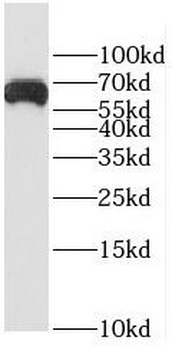 EIF3D Rabbit Polyclonal Antibody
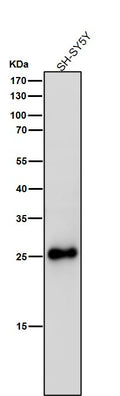 All lanes use the Antibody at 1:3K dilution for 1 hour at room temperature.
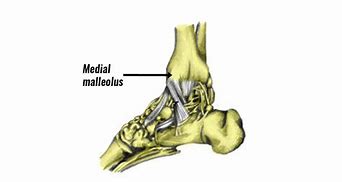 Image result for Area Distal to Lateral Malleolus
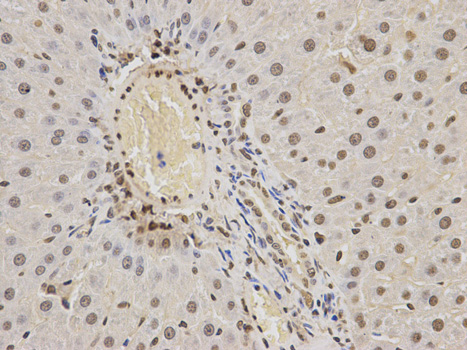 Immunohistochemistry of paraffin-embedded rat liver using hnRNP K Antibody  at dilution of 1:200 
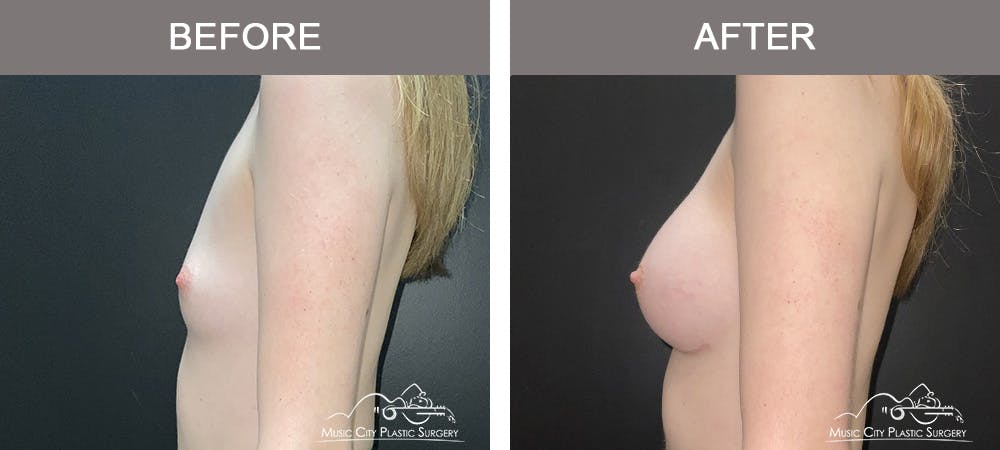 Breast Augmentation Before & After Gallery - Patient 196443 - Image 5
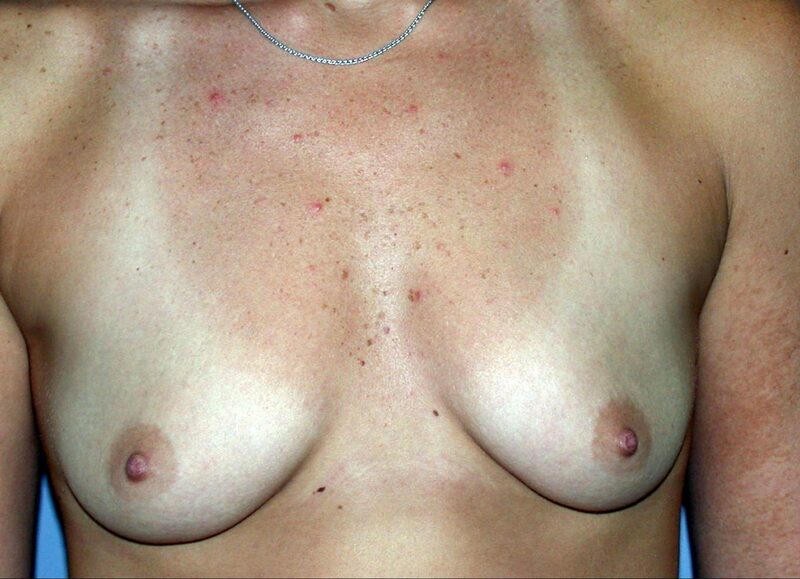 Before — Breast Augmentation]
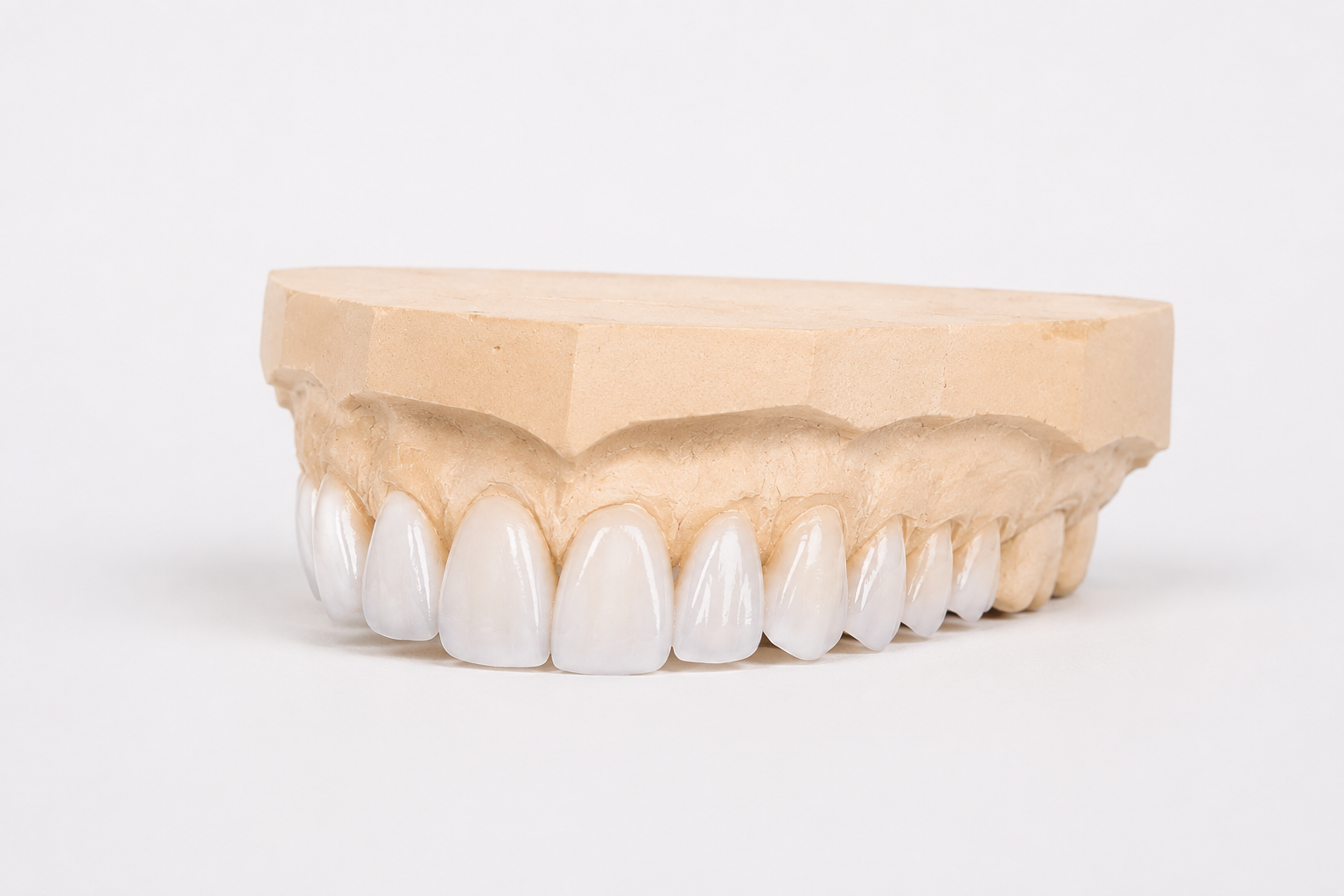 A dental model of upper teeth with a custom-made dental crown on a beige dental cast.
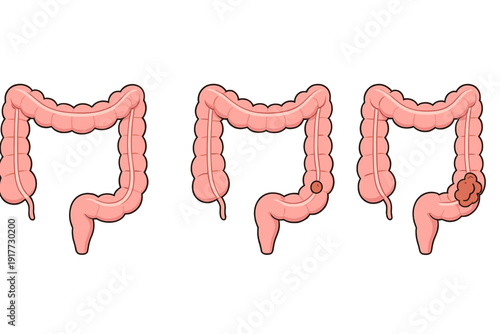 Three diagrams of the human large intestine illustrate the progression from a healthy state to the growth of a small polyp and a large malignant tumor in the colon.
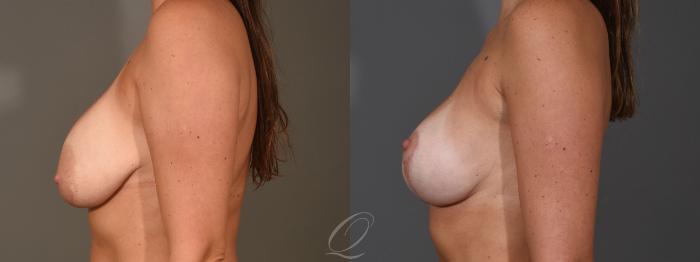 Breast Augmentation with Lift Case 1398 Before & After Left Side | Serving Rochester, Syracuse & Buffalo, NY | Quatela Center for Plastic Surgery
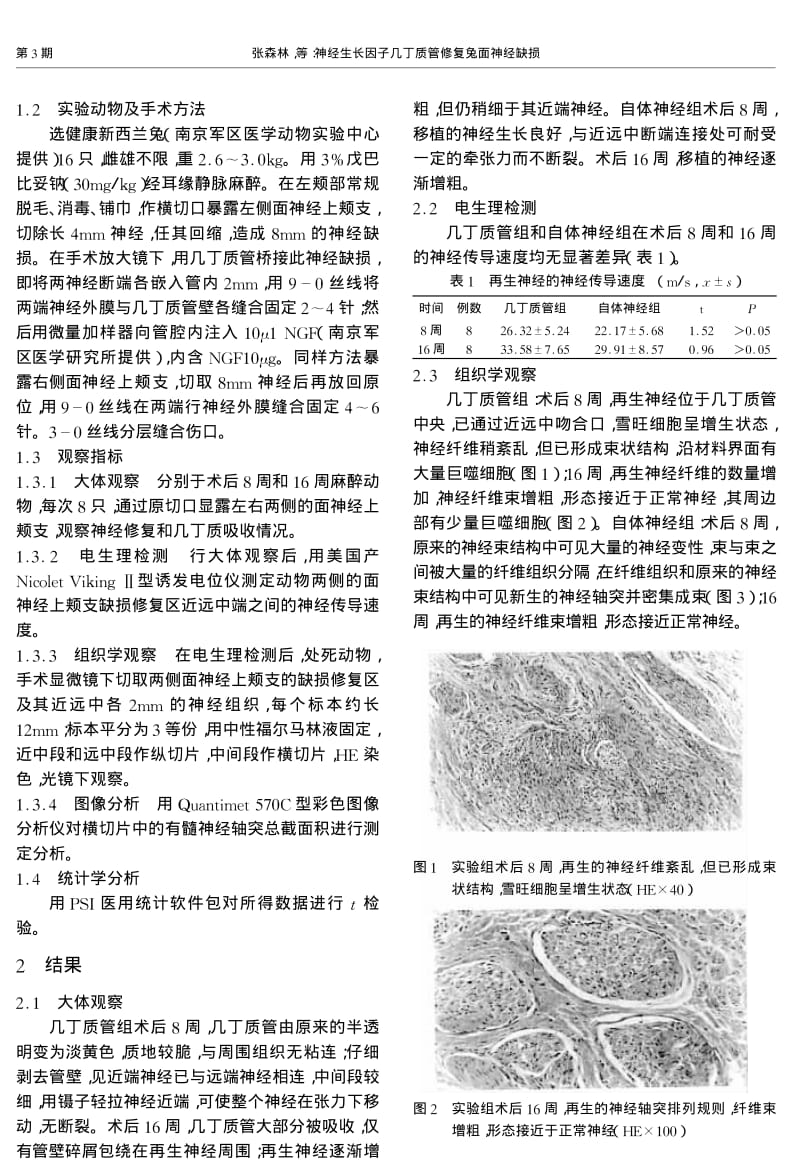 神经生长因子几丁质管修复兔面神经缺损.pdf_第2页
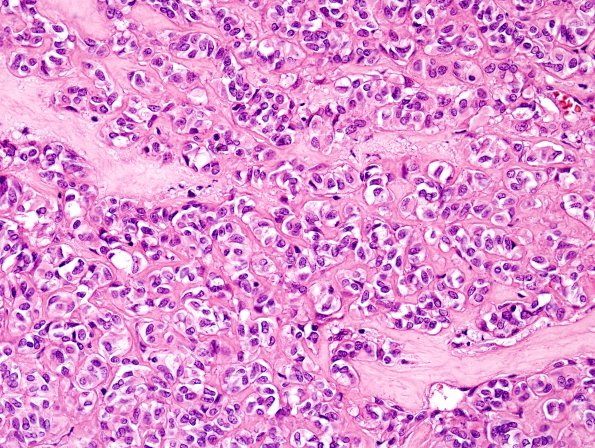 1A7 Astroblastoma, WHO II (Case 1) H&E 4.jpg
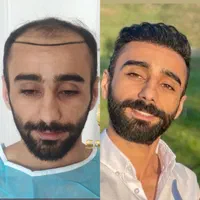 کاشت مو و ابرو و ریش بدون جراحی تراکم بالا|خدمات آرایشگری و زیبایی|تهران, الهیه|دیوار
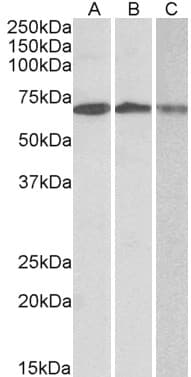 IHC-plus™ Polyclonal Goat anti-Human OAS2 Antibody (Internal Region, IHC, WB)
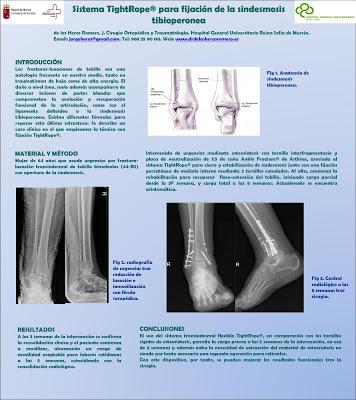 Poster sobre el Sistema TightRope en las Fracturas de Tobillo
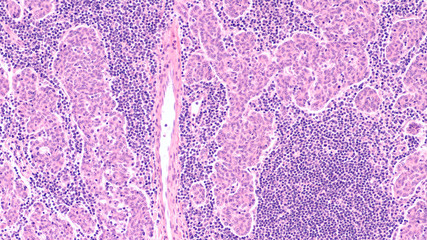 Microscopic image (photomicrograph) of a thymoma, a tumor of thymic gland origin with both...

_ _ _ _

**What the exercise asks:**
From the first line above down to the line with "Image result for", reproduce every line and no others, omitting pictures.

**Exercise output:**
 EIF3D Rabbit Polyclonal Antibody
 All lanes use the Antibody at 1:3K dilution for 1 hour at room temperature.
 Image result for Area Distal to Lateral Malleolus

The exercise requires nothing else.